La Corte Suprema di Cassazione ha ribadito con la sentenza n. 475/2017 che, qualora una dipendente venga licenziata nel corso del primo anno di vita del proprio figlio, l’atto di interruzione del rapporto di lavoro è da considerarsi nullo. Il datore di lavoro, in altri termini, non può mettere fine al contratto con la lavoratrice nel periodo compreso tra la l’inizio della gravidanza e il compimento di un anno di età del bambino. Ne consegue che le donne licenziate in questo periodo della loro vita hanno il diritto:
1 – a essere reintegrate sul posto di lavoro;
2 – a ricevere tutti gli stipendi arretrati a partire dal giorno del licenziamento fino alla regolare riammissione. Talora è anche possibile che siano riconosciuti i danni determinati dalla sospensione della paga.

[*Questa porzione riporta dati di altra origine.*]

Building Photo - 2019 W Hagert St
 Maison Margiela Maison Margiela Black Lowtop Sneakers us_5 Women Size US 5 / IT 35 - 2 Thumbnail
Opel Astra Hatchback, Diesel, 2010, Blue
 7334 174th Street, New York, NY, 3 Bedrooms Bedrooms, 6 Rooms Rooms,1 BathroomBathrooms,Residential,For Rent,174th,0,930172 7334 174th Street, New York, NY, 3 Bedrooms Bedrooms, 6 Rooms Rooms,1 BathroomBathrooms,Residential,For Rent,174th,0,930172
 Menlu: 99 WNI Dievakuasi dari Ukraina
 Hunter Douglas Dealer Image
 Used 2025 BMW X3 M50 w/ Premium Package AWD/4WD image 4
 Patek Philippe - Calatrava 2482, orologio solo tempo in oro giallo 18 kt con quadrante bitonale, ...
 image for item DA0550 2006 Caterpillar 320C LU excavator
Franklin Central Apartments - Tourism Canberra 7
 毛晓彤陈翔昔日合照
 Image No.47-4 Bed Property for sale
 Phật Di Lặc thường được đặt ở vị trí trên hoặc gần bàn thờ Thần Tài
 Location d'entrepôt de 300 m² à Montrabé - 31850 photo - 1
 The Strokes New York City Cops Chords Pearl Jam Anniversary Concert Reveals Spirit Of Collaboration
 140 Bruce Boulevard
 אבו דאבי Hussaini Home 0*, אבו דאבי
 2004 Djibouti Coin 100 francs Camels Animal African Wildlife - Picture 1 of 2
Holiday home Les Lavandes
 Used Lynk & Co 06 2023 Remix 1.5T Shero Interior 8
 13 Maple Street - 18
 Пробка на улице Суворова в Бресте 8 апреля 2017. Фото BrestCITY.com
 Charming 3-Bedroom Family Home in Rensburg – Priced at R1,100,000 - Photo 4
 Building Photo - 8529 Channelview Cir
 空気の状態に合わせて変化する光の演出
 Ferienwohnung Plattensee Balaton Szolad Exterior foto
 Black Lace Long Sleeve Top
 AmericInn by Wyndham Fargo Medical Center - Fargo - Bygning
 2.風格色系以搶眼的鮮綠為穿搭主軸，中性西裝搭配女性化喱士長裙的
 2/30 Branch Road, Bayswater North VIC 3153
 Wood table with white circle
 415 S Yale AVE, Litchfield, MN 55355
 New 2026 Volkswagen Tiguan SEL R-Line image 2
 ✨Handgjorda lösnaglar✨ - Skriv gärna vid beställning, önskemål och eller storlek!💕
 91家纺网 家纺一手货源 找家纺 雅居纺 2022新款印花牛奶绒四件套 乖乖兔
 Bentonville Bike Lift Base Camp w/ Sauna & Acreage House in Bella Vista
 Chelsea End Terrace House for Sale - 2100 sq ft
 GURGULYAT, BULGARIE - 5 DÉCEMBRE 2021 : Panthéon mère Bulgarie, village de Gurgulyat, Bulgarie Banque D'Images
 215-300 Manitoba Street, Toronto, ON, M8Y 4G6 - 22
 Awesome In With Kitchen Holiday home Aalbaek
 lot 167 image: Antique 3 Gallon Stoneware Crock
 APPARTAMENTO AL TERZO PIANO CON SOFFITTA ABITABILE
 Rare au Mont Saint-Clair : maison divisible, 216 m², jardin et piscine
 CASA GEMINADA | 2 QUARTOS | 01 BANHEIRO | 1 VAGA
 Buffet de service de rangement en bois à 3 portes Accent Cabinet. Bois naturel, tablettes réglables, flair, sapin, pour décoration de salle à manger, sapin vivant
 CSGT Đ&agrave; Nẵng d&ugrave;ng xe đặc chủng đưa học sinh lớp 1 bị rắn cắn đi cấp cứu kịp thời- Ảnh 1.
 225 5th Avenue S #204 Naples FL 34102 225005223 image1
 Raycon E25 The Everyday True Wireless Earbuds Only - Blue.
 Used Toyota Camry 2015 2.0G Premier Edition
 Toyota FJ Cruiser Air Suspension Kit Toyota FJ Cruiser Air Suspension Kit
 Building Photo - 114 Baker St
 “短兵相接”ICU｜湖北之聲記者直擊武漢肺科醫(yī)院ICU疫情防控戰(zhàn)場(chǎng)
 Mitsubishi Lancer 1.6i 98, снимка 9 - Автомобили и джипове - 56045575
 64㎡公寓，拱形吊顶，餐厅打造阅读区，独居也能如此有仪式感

Corte di cassazione, vietato licenziare le neomamme
Questo obbligo per il datore di lavoro vige anche qualora egli, al momento del licenziamento, non sia a conoscenza del fatto che la propria dipendente sia in stato di gravidanza. Inoltre, anche nel caso in cui sia la stessa lavoratrice a presentare le dimissioni, avrà comunque diritto, come previsto dalla legge, a essere retribuita tramite trattamento economico sostitutivo del reddito (la cosiddetta indennità di maternità).
Il divieto di licenziamento è valido anche per le mamme che hanno adottato o hanno preso in affidamento un bambino; in questo caso il periodo di riferimento è compreso tra l’ingresso del figlio in famiglia fino a un anno da quel momento.
Quando è consentito il licenziamento della neomamma
Il divieto di licenziamento della neomamma, tuttavia, non è assoluto. Esso, infatti, è consentito dalla legge nei seguenti casi:
- la dipendente si è macchiata di una grave colpa;
- l’azienda ha cessato la propria attività;
- sono scaduti i termini previsti dal contratto a tempo determinato;
- la lavoratrice non ha superato il periodo di prova.